Named counter recovery

Named counters are only stored in the coupling facility. Applications using named counters might therefore need to implement recovery logic to handle the possible impact of any coupling facility problems.

If the coupling facility or list structure for the named counter pool fails, but another facility is available, it should normally be possible to re-create the named counter pool's list structure very quickly on another facility. The original instance of the server terminates as soon as it detects the problem, and a new instance is normally started immediately by ARM, if it is available, and the installation policy allows the restart. If the pool's list structure is known to have failed, the new server should be able to allocate a new instance immediately, and the pool should be available again within seconds.

However, in some situations, such as a coupling facility power failure, MVS™ might initially perceive the situation as a loss of connectivity, and be unable to determine that the list structure has failed until the original facility has been restarted. In such situations, recovery can be speeded up by issuing an operator command to force deletion of the existing structure, allowing a new instance to be allocated immediately.

Until the new structure has been created, attempts to obtain a counter value are rejected because the server is unavailable. This means that applications issuing such requests are unavailable while the new structure is being created, unless they have an alternative method of assigning numbers.

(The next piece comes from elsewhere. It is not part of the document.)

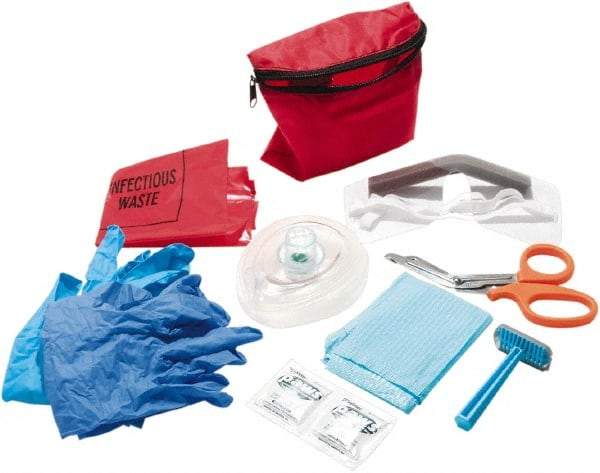 Defibtech - Disposable CPR Masks/Breathers Compatible First Aid Kits: North Unitized First Aid Kits - Caliber Tooling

If the list structure for a named counter pool is re-created because of a failure, it is empty, and applications will immediately discover that their named counters are no longer found. The standard recovery technique in this situation is as follows:

Make the application issue an enqueue command (ENQ) for a resource based on the counter name. This ensures that only one task will be trying to repair each named counter.
Check to see if another task has already re-created the named counter.
If the named counter has not been re-created, re-create it with an appropriate value that you have reconstructed from other information, using the following methods described.
Issue a dequeue command (DEQ) for the resource, to release the named counter.

The enqueue and dequeue process is used in order to avoid multiple tasks wasting time and resources duplicating the same processing. However, if the process that you use to re-create the named counter is simple enough, you can omit the enqueue and dequeue process. If another task has already repaired the named counter, any subsequent attempt to re-create the counter will be rejected with a duplicate counter name indication.

If a named counter is only being used for temporary information that does not need to be preserved across a structure failure (for example, unique identifiers for active processes that would not be expected to survive such a failure), then recovery techniques can be minimal. For example, you could re-create the counter with a standard initial value.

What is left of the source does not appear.